1. We have considered whether this appeal is moot because the dam whose construction the plaintiffs sought to prevent has been completed. The plaintiffs represent that much of the damage sought to be enjoined will occur only when there is impoundment of water behind the dam, and they state that there has not yet been sufficient runoff to impound any water in the reservoir area. Thus, at least some of the destruction of vegetation and the inundation of the farmland could be avoided were we to prevent the impoundment of water. Furthermore, although the plaintiffs concentrated on only one structure in asserting the defendants' failure to prepare an EIS, their challenge actually related to the entire project remaining to be completed. We conclude that the appeal is not moot. See Richland Park Homeowners Association v. Pierce, 671 F.2d 935, 942-43 [12 ELR 20717] (5th Cir. 1982); Columbia Basin Land Protection Association v. Schlesinger, 643 F.2d 585, 591 n.1 [11 ELR 20537] (9th Cir. 1981).
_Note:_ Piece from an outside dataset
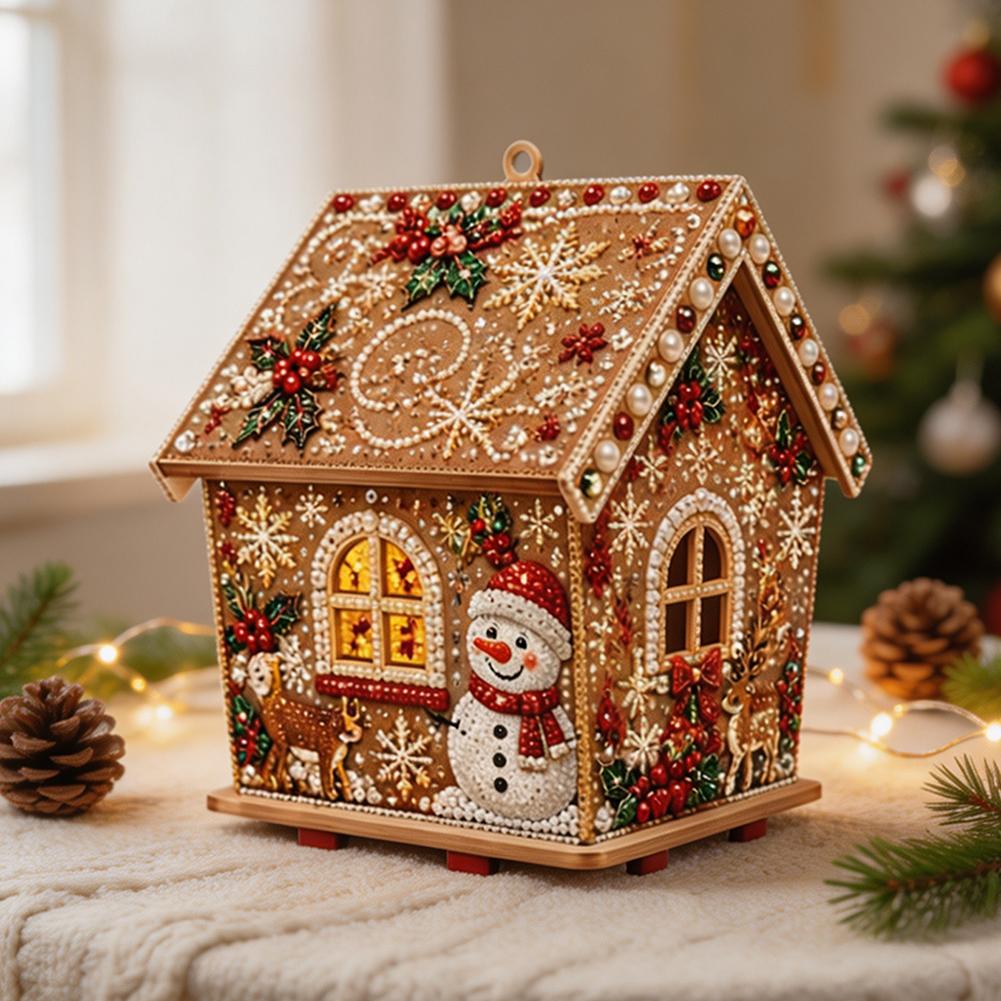 DIY Pearl Craft Kit Christmas Cottage Diamond Painting Set Wooden Pearl Art Christmas Tree Ornaments For Home Decoration Gifts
2. Because of our disposition of this case, we need not consider whether the district court correctly resolved the issue of irreparable injury.

3. The appraisal also mentioned that nine archeological sites were found in the area of these dams, only two of which were recommended for further investigation. The defendant agreed to test these two archeological sites before awarding construction contracts on the structure potentially affecting them.

4. A member of the environment assessment team testified:

The land use changes are small, the people that are directly impacted, no one is being forced to move from their home or no one is losing their farmstead, their entire farming operation. No major highways are being intersected by flood waters or sediment pools. There are no significant historical or cultural resources that are being impacted by any of the sites. There are no endangered plants or animal species that are being affected by the sites. There are no significant major impacts of this project.

R. V, 347.

5. We also hold that under the circumstances of this case the district court did not err in refusing to grant the plaintiffs' request for a continuance of the hearing on the motion for the preliminary injunction.